Ahora contemplen esta misma práctica extendida a delitos que llevan aparejadas gravísimas penas de prisión. Estos días he leído algunos extractos de sentencias de delitos contra la libertad sexual que contienen relatos en los que tribunales no aprecian violencia o intimidación (pese a tratarse de conductas a las que el «sentido común» si atribuye estas características) que indignan a muchas personas. Habrá entre los miles de sentencias algunas aberrantes (absolutorias y condenatorias), pero el error más habitual es extractar de entre las declaraciones de hechos probados partes del relato que se basan exclusivamente en la declaración de la víctima y que han sido negados por el acusado. Sí, a veces el tribunal no da por probada violencia o intimidación, pero suele ser porque ya ha tenido que dar un salto probatorio para dar por probada una relación inconsentida basándose exclusivamente en lo que la víctima afirma. Debería ser natural que los tribunales aumenten su exigencia cuando tienen que tomar decisiones que llevan a prisión a personas durante muchos años. Y no es extraña esta parcelación, porque muy a menudo esos mismos tribunales salvan inconsistencias, contradicciones e incluso falsedades de las declaraciones de las víctimas que podrían dar lugar a una absolución.

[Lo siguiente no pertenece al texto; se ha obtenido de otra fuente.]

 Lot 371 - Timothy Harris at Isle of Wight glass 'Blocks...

Esta es la clave. Si existe hoy en España una inclinación de los tribunales, lo es a favor de creer los testimonios acusadores frente a parejas o exparejas. Un abogado defensor de una persona acusada de un delito de violencia o contra la libertad en el que la prueba esencial o única es la declaración de la víctima (cuando hay relación previa habitual entre acusador y acusado) se encuentra no ante un calvario probatorio, sino ante un trabajo de Sísifo. En el mundo judicial real la presunción de inocencia se ha ido relajando por un desplazamiento de la carga de la prueba. El único camino, a menudo, para no tener que llegar a una casi prueba de los hechos negativos, ha sido cuestionar la narración de la acusación examinándola incisivamente, para encontrar inconsistencias y mentiras, si es que las hay. Y esa labor se hace además con extremo cuidado, precisamente porque, contra la narrativa dominante, los tribunales suelen en la práctica estar del lado de quien acusa, al menos hasta que en el proceso aparece alguna prueba de falsedad.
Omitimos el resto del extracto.